____ Collected data

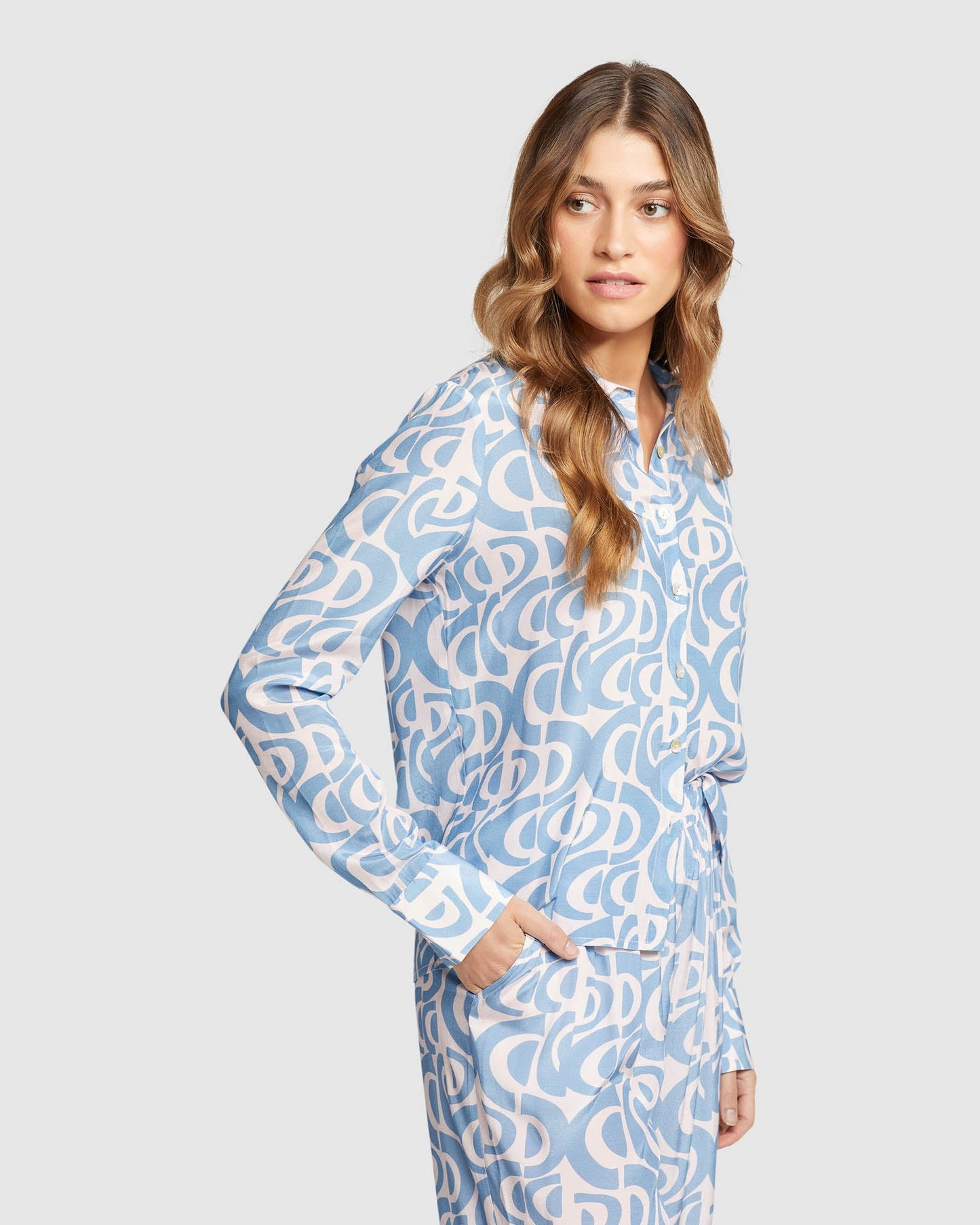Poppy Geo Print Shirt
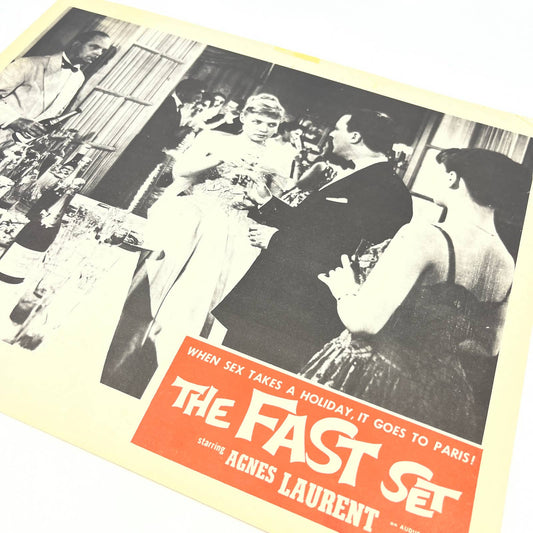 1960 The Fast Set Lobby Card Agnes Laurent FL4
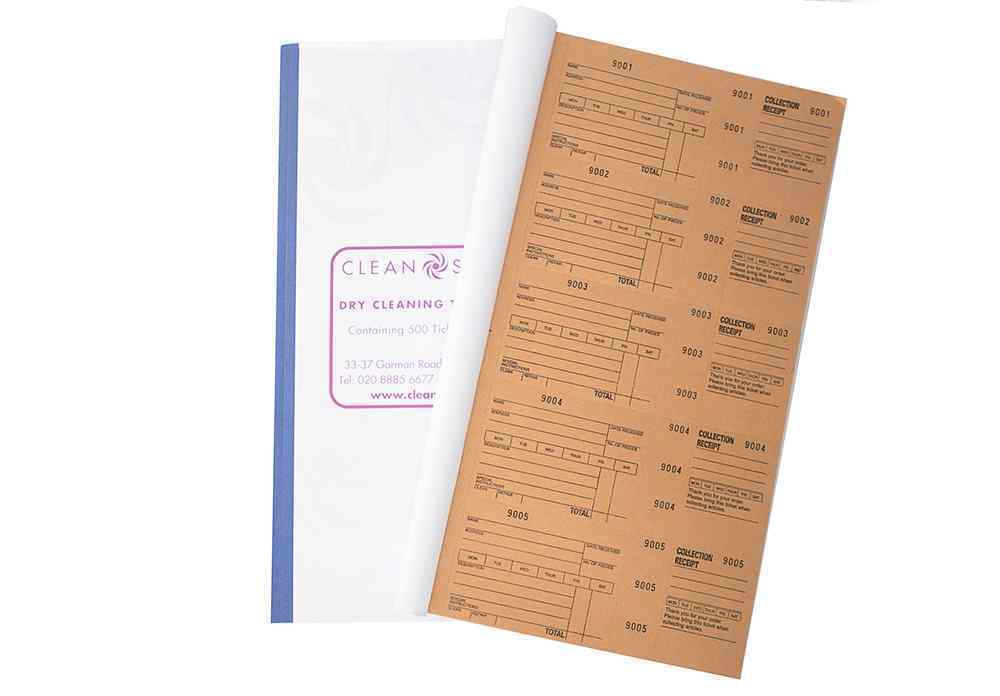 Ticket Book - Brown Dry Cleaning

________

▸ Problem: The copy should hold exactly the lines from the line containing "1960 The Fast" through the end of the data, both ends included, and no pictures.

▸ Worked solution:
 1960 The Fast Set Lobby Card Agnes Laurent FL4
 Ticket Book - Brown Dry Cleaning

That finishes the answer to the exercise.